Unfortunately nobody has figured out how to deploy enough storage to make intermittent sources viable. Hence why plans for a renewable grid assume that compressed air, heated sand, or giant flywheels will deliver storage at orders of magnitude better than the existing battery and pumped hydro systems. Australia is not a big success story: Fossil fuels still comprise over 60% of electricity sources for Australia - it's no better than the USA. They are not using renewables for chemical and metallurgy industries. And this is despite Australia having some of the best weather and geography for solar power.
Sweden is the country making the most progress into green hydrogen, but it's still experimental at this point. Sweden also gets 40% of it's electricity from nuclear and 40% from hydropower, too. It's hardly a poster child for the success of wind and solar over nuclear power. Intermittent sources need to be backed by a dispatchable source. For countries that don't have widespread hydroelectric potential like Sweden, intermittent sources are not viable except as a supplement to fossil fuels.

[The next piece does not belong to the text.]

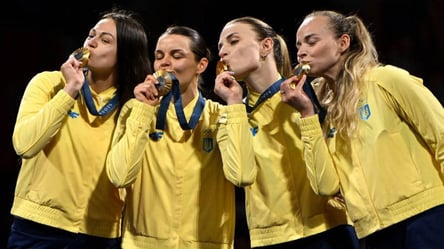 Гімн України прозвучав на Олімпіаді-2024 у Парижі — українські шаблістки отримали золоті медалі - 290x166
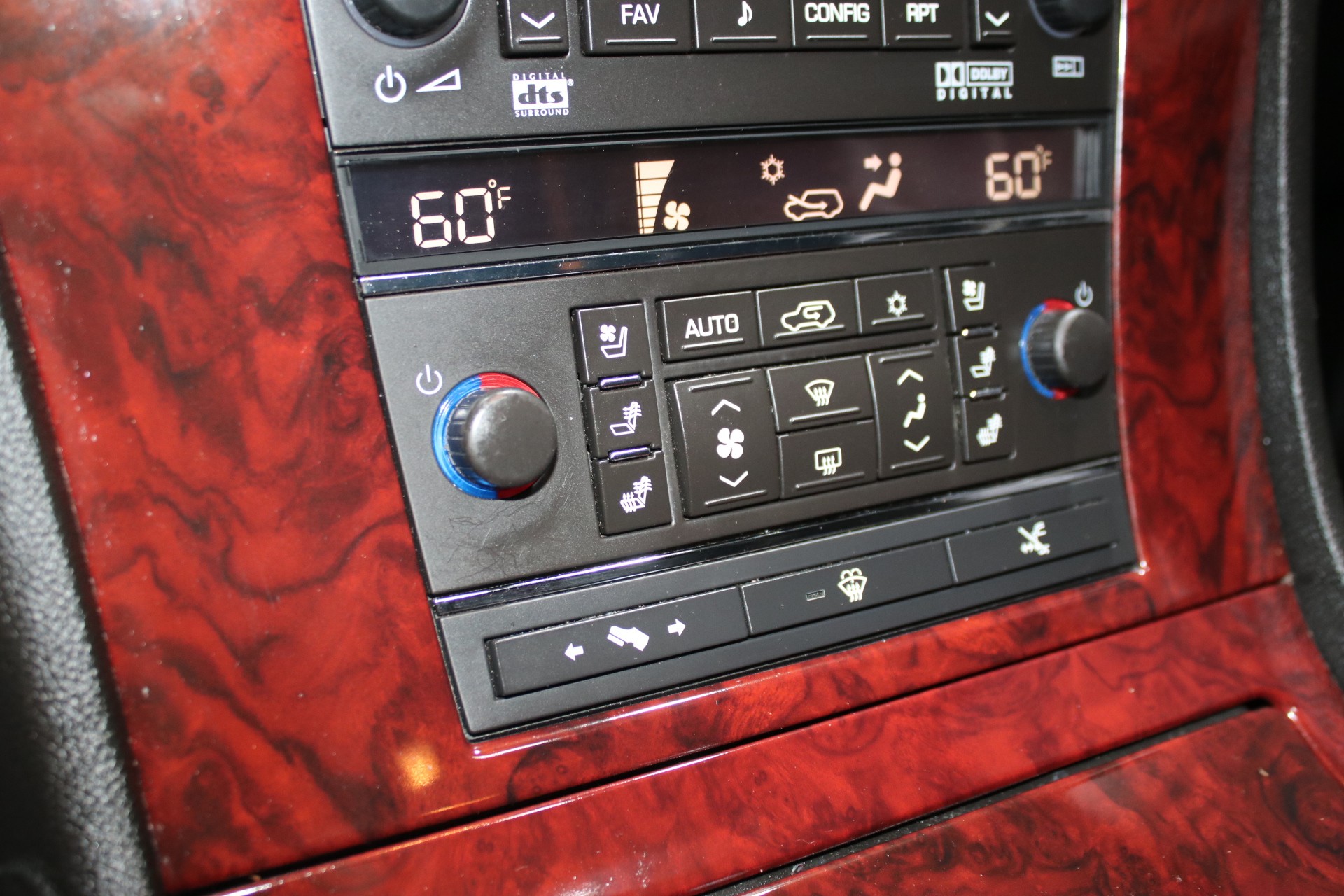 2007 Cadillac Escalade EXT 49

> Unfortunately nobody has figured out how to deploy enough storage to make intermittent sources viable.
They're viable even without storage as evidenced by installing new capacity at a rate of net generation of about 20% of the entire cumulative nuclear fleet per year. And getting enough storage is well understood, it is just not a priority in most places until around 70% penetration and progress towards decarbonizing transport is met.

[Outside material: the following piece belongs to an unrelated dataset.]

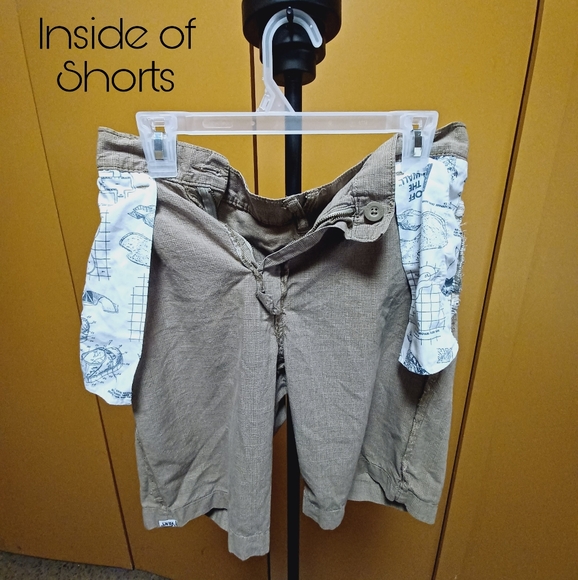 Vans Original "OFF THE WALL" Shorts - Picture 9 of 13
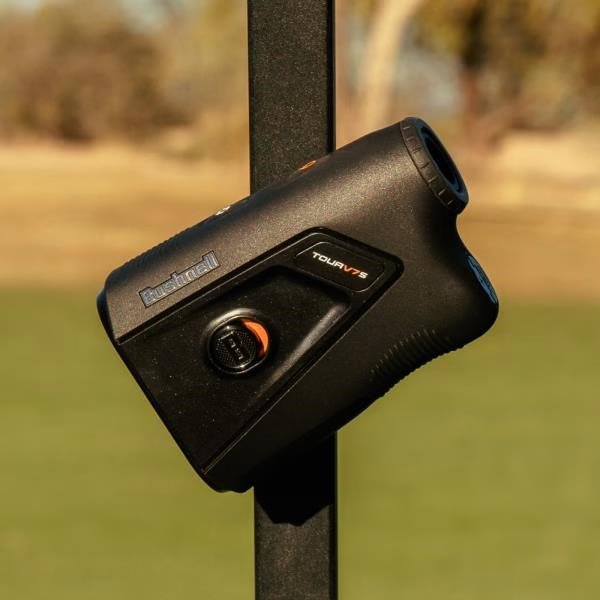 Bushnell Tour V7 Shift laserový diaľkomer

> Australia is not a big success story: Fossil fuels still comprise over 60% of electricity sources for Australia - it's no better than the USA. They are not using renewables for chemical and metallurgy industries. And this is despite Australia having some of the best weather and geography for solar power.
Australia has languished under a government that was openly hostile to renewables for years. South Australia has been operating at over 90% gross renewables for a week and this is after only a few years of large scale effort with insignificant storage and limited ability for interstate transmission due to storm damage.

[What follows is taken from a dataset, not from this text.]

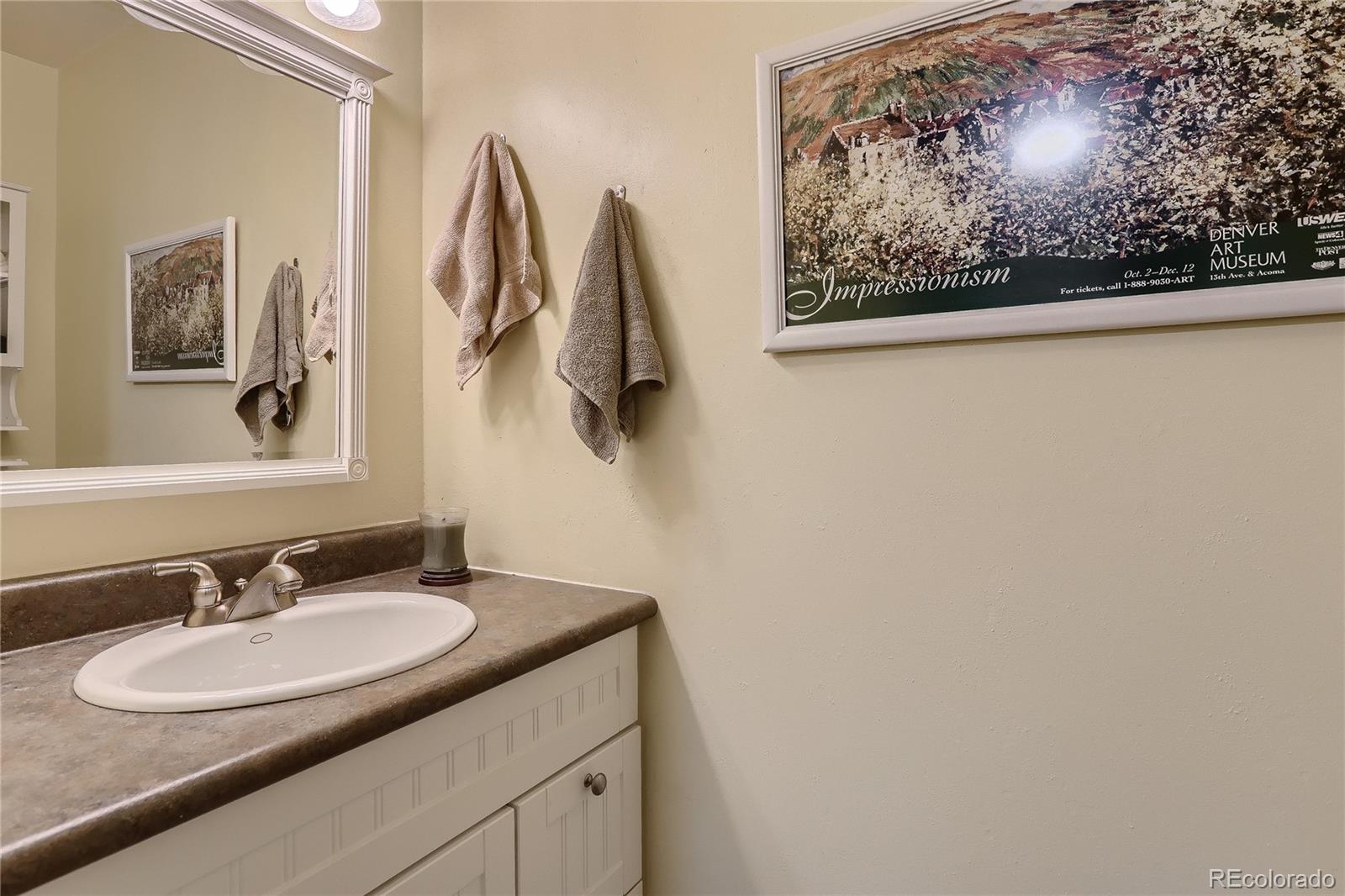 7048 S Fairfax Street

> Sweden is the country making the most progress into green hydrogen, but it's still experimental at this point.
Looks like about the same level of investment for similar targets to me. Could it be that was another example of blatant lies?
> For countries that don't have widespread hydroelectric potential like Sweden, intermittent sources are not viable except as a supplement to fossil fuels.
Yes. 90% for a week right near the beginning of the transition is a 'suppliment'. Very sound conclusion from the evidence at hand.
This constant lying must be exhausting. Just sell your coal shares.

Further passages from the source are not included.